Престарелый Владимир Николаевич Давыдов председательствовал. Он был совсем слаб, память уже не подавала, и ему подсказывали. Я в Риме три месяца тому назад видел его дочь; она прислуживала в русском ресторане; я мог ей мало утешительного сказать о ее отце… Одну лекцию я прочитал там же в пользу убежища для престарелых артистов, — прочитал своих «Декабристов». Вера Аркадьевна Мичурина, как член комитета, сказала очень милое заключительное слово, которое закончила тем, что «мы всегда уважали образ княгини Марии Николаевны Волконской, увлекались ее трогательными воспоминаниями, но могла ли она думать, что тяжелыми испытаниями своей жизни она через своего внука сослужит службу нашему убежищу?..»
Среди знаков доброго внимания, с которыми встретила меня театральная среда, с особенной признательностью вспоминаю Надежду Алексеевну Бакеркину, бывшую балетную артистку, которая заведовала балетным отделом Театрального музея. В ее квартире на Каменноостровском, где она жила с сестрой Марией Алексеевной, находил я отдых, сочувствие и редкое гостеприимство, начиная с хозяек и кончая собачками — белой Миреткой и черной Тотошкой…
Петербург был великолепен в своем постепенном умирании. Красавец, заживо гниющий. Пустынные улицы зеленели травой, решетки каналов валились, подвалы домов заливались водой, но под этим умиранием в летаргической недвижности стояла застывшая краса тех очертаний, что задумали и осуществили строители дивного града Петра. И Нева все так же катит волны, Исаакиевский купол блестит, бездымный воздух чист и ясен «И светла Адмиралтейская игла…». На этом кончаю свои воспоминания.
Сейчас я уже не на Родине — на чужбине. Вокруг меня зеленые горы, пастбища, леса, скалы. Надо мной синее небо, светозарные тучи. Вы скажете, что и там было синее небо, и там светозарные тучи? Может быть, но я их не видел; они были забрызганы, заплеваны, загажены; между небом и землей висел гнет бесправия, ненависти, смерти. И сама «равнодушная природа красою вечной» уже не сияла. Здесь она сияет, но всегда и всюду вижу недремлющего Змия. Летний день «горяч и золот», но Змий сторожит и ждет. Жасмин благоухает, в душистых светотенях липы жужжат бесчисленные пчелы,
а там разрушение продолжается и озверение растет…
Марина Цветаева. Кедр
О книге кн. С. Волконского «Родина»
Подходить к книге кн. Волконского «Родина» как к явлению литературному — слишком малая мера. Эта книга прежде всего — летопись. И не потому, что он пишет о «летах мира сего», — кто не писал воспоминаний? Основная особенность летописи — то освещение изнутри внешних событий, тот вопрос, который она им ставит, тот ответ, который из них слышит. Летописец далеко не последнее лицо в летописи: им она жива. В этом строжайшем смысле слова книга Волконского «Родина» наряду с «Wahrheit und Dichtung»[10] Гете — истинная летопись: века и духа.
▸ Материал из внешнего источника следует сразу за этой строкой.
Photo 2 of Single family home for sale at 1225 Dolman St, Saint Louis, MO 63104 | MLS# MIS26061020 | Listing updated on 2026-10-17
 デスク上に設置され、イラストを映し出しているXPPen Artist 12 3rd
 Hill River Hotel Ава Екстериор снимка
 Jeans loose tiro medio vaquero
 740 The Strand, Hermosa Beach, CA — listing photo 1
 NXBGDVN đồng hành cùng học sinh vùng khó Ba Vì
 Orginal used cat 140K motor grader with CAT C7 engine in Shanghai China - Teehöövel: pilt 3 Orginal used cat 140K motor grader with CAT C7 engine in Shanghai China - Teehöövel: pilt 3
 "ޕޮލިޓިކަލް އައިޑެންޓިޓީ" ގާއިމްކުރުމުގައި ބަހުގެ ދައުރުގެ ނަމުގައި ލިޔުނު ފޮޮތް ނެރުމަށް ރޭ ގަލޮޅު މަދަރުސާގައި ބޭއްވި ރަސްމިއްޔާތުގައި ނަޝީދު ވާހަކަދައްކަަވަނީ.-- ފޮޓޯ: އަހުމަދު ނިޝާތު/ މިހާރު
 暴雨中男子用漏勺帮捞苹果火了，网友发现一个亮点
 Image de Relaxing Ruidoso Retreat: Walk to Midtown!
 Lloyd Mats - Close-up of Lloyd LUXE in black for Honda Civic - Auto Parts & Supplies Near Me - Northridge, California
Вымышленные книги сейчас не влекут. Причина ясна: после великой фантасмагории Революции, с ее первыми — последними, последними — первыми, после четырехлетнего сна наяву, после черных кремлевских куполов и красных над Кремлем знамен, после саженного: «Господи, отелись!» на стенах Страстного монастыря, после гробов, выдаваемых по 33–му талону карточки широкого потребления, и лавровых венков покойного композитора Скрябина, продаваемых семьей на рынке по фунтам, — нас, кажется, уже ничем не потрясешь, разве что простой человеческой правдой: сущностью единой и неделимой. Такой книгой и является книга Волконского «Родина»: книга глубочайшей человечности. «Глубочайшей», впрочем, для удовлетворения слуховой привычки, я бы «глубочайшей» здесь заменила «высочайшей». Человечность не только глубь, — и высь. Дерево не растет в воздухе, чту корни, но не ошибка ли русских в том, что они за корнями («нутром») не только забывали вершину (цветение), но еще считали ее некоей непозволительной роскошью. В корнях легко увязнуть: корни — и родниковые воды, да, но и: корни — и черви. И часто: начав корнями, кончают червями. И еще мне хочется сказать: корни (недра) — не самоцель. Корни — основа, ствол — средство, цвет (свет) — цель.
Корни — всегда ради.
Итак, книга «Родина» — древо высочайшей человечности. Корень — рост — вершина, все налицо, — и какое цветение! Страсть к высотам, так бы я определила ее главенствующую страсть, но еще вопрос: дух ли тянется ввысь, или высь его тянет. Склонна думать, что кроме тяги земной существует еще и тяга небесная.